第17ウマっ!

「それじゃダメだ!お前は残って自主練しておけ!」


「はい!」


(部活後)


「はー、バレーボールのトス上げって難しいなあー。なぜ私はうまくトスを上げることが出来ないんだろう」


(ぽーん、べち)


「音がするのはまだ手だけで上げてるっすなあ。『トス上げ』は音をたてないが基本っすねんよ」


 ツインテールの頭にサングラスを乗っけたかわいい女の子が。ロリポップキャンディーをカコカコ鳴らす女の子がバスケットボールをドリブルしながら、体育館に『ばーんばーん』と音を響きかせながら近づいてきた。他に誰もいない体育館。音はとても響いている。そしてバレーボールより明らかに重そうなバスケットボールを真上に。『トス上げ』を始める。


(ぽーん、ぽーん)


「トス上げウマっ!」


☆今日のウマっ!『バレーボールのトス上げ』☆


 まず、トスは顔の前でやりがちっすけど、『額の前』を意識っすなあ。

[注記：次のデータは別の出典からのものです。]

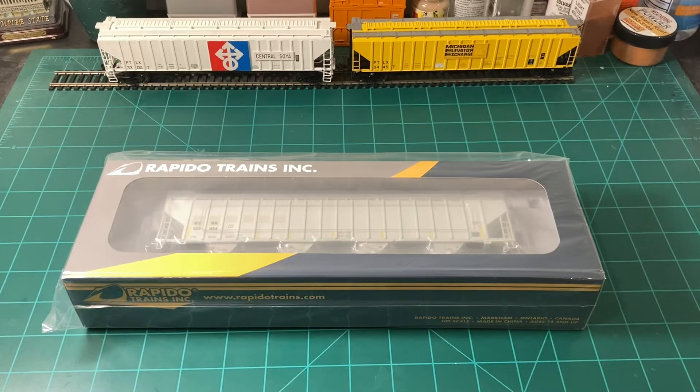Hello everybody, DriverRate here, and welcome to the first video in a new series in which I'll be reviewing HO scale models.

サッカーで言うところの『ヘディング』のイメージっすねんなあねん。ボールは手の『面』ではなく、指で『三角』を作り、包み込むイメージっすなあねんよ。『額』をイメージすると自然に体全体を使えて、ひざや腕の力も使えるっすねんね。ほい。上げるっすなあ。

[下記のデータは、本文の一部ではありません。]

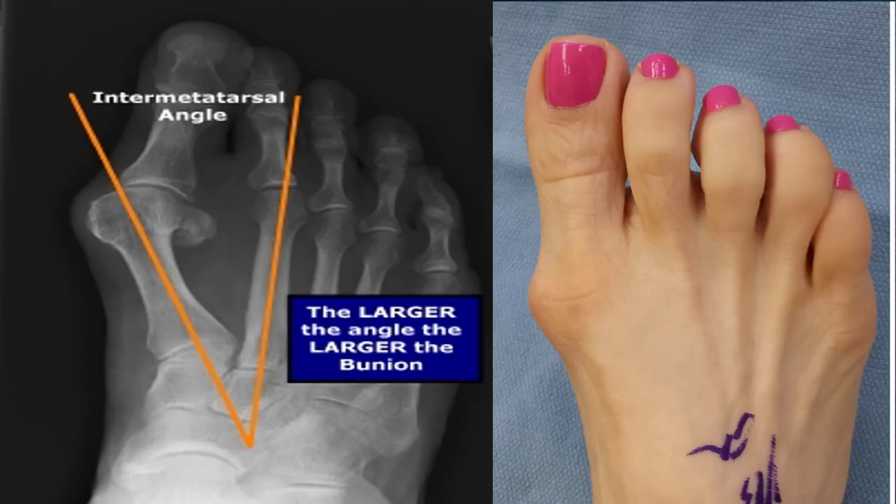This is what a bunion really is — it is actually an angle between your big toe and your second toe. The larger your inter-metatarsal angle, the bigger the bunion appears. It's not actually any extra bone growth; it's just a deviation of the bone and a buckling of the first metatarsal joint.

 ぽーん。微かな音をたて、どこまでも高く上がっていく重いバスケットボール。


~祭りのあと~


「うわーい。私、『トス上げ』上手に出来るよ!!」


「ウマっ!っすなあねん。基本を身に着けるといろんな体勢から柔らかいトスが上げられるっすなあねんよ。それよりお腹すかないっすか?」


(お腹ぐー)


☆今日のウマっ!その二『南蛮漬け』☆


「この南蛮漬けウマっ!」


「これはサバの南蛮漬けっすなあ。南蛮漬けのじは『薄口しょうゆとお酢2に対し、みりんと砂糖1で作るっすねんよ。そこにスライスした玉ねぎと千切りにした人参、後は片栗粉で揚げた魚を浸けるっすなあ。南蛮漬けは保存食であり、お酢が疲れた体にしみるっすねん。頑張った自分にも染みるっすねんなあ」


「ウマっ!ウマっ!」


 頑張った女の子が「トス上げ」のコツを身に着け、おいしそうにさばの南蛮漬けを食べる。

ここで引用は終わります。